21st Annual Geoffrey Bawa Memorial Lecture by Anupama Kundoo on 9 Aug.

Saturday, 3 August 2024 00:56 -     - {{hitsCtrl.values.hits}}

The 2024 Geoffrey Bawa Memorial Lecture will be delivered by architect and educator Anupama Kundoo at 6:30 p.m. on Friday, 9 August at the Sri Lanka Foundation Institute (No. 100, Sri Lanka Padanama Mawatha, Independence Square, Colombo 7). 

Her talk is titled “Rethinking Material Resources alongside Human Resourcefulness”.

This annual event, organised by the Geoffrey Bawa Trust, coincides with Bawa’s birth anniversary, marked each year on 23 July. Kundoo graduated from the University of Mumbai in 1989 and received her PhD from Technische Universität Berlin in 2008. 

Her research-oriented practice, started in 1990 in Auroville, has generated people-centric architecture based on spatial and material research for low environmental impact while being socioeconomically beneficial. Her body of works was recently exhibited as a solo show, “Taking Time”, at the Louisiana Museum of Modern Art, Denmark. 

She has taught architecture and urban management at various international universities including Yale and Columbia, strengthening her expertise in rapid urbanisation and climate change-related development issues.
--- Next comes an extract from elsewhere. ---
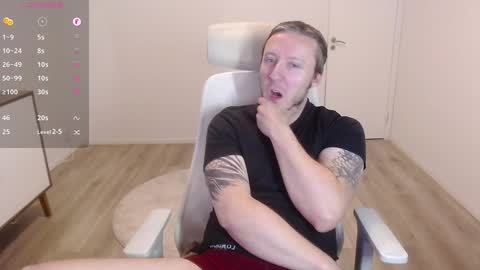 James online show from December 8, 11:19 pm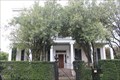 Image for Site of the Death of Jefferson Davis - New Orleans, LA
She is currently a Professor at Technische Universität Berlin, Germany and the Norman Foster Visiting Professor of Architecture at Yale University. 

She received the RIBA Charles Jencks Award for her contribution to architectural theory, the 2021 Auguste Perret Prize for architectural technology, the 2021 Building Sense Now Global Award of the German Sustainable Building Council DGNB, and the Global Award for Sustainable Architecture under UNESCO patronage in 2022. 
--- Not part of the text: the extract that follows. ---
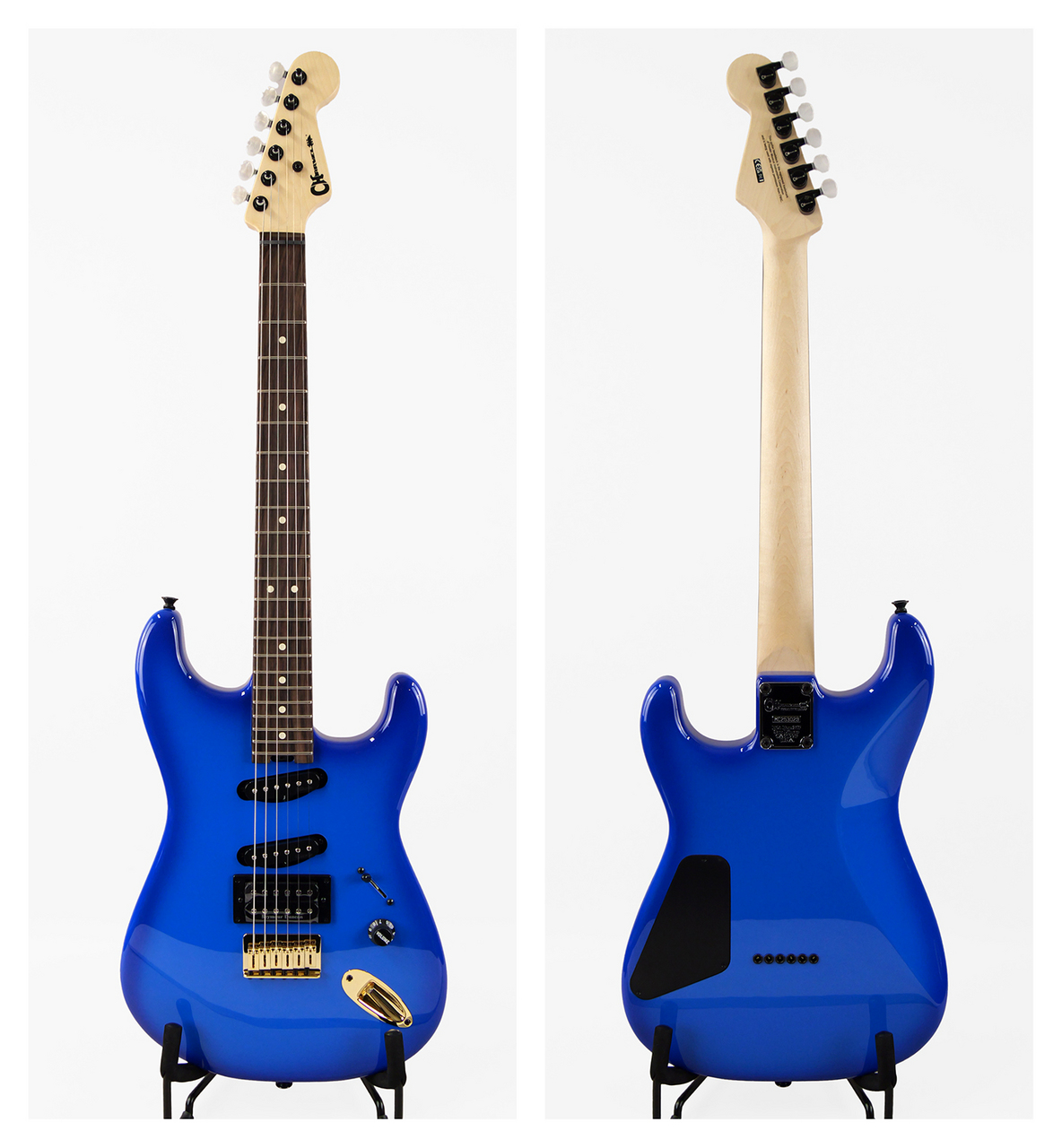 Charvel Jake E Lee Signature Pro-Mod San Dimas Style 1 HSS HT RW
Her studios are based in Berlin, Germany, and Pondicherry, India. 

Kundoo’s rigorous research and experimentation in new materiality for architecture is the result of questioning basic assumptions and construction habits that humanity has adopted during the long process of industrialisation. Rather than focusing on shortage, she sought abundance by investing in human resources and human resourcefulness, such as ingenuity, time, skills, care, and a sense of community.

Admission to the lecture is free, but seats are limited and prior registration is required. Doors close at 6:20 p.m. Visit geoffreybawa.com/memorial-lectures to register. 

This lecture is supported by Miles Young and exclusive media partners Daily Mirror and The Sunday Times.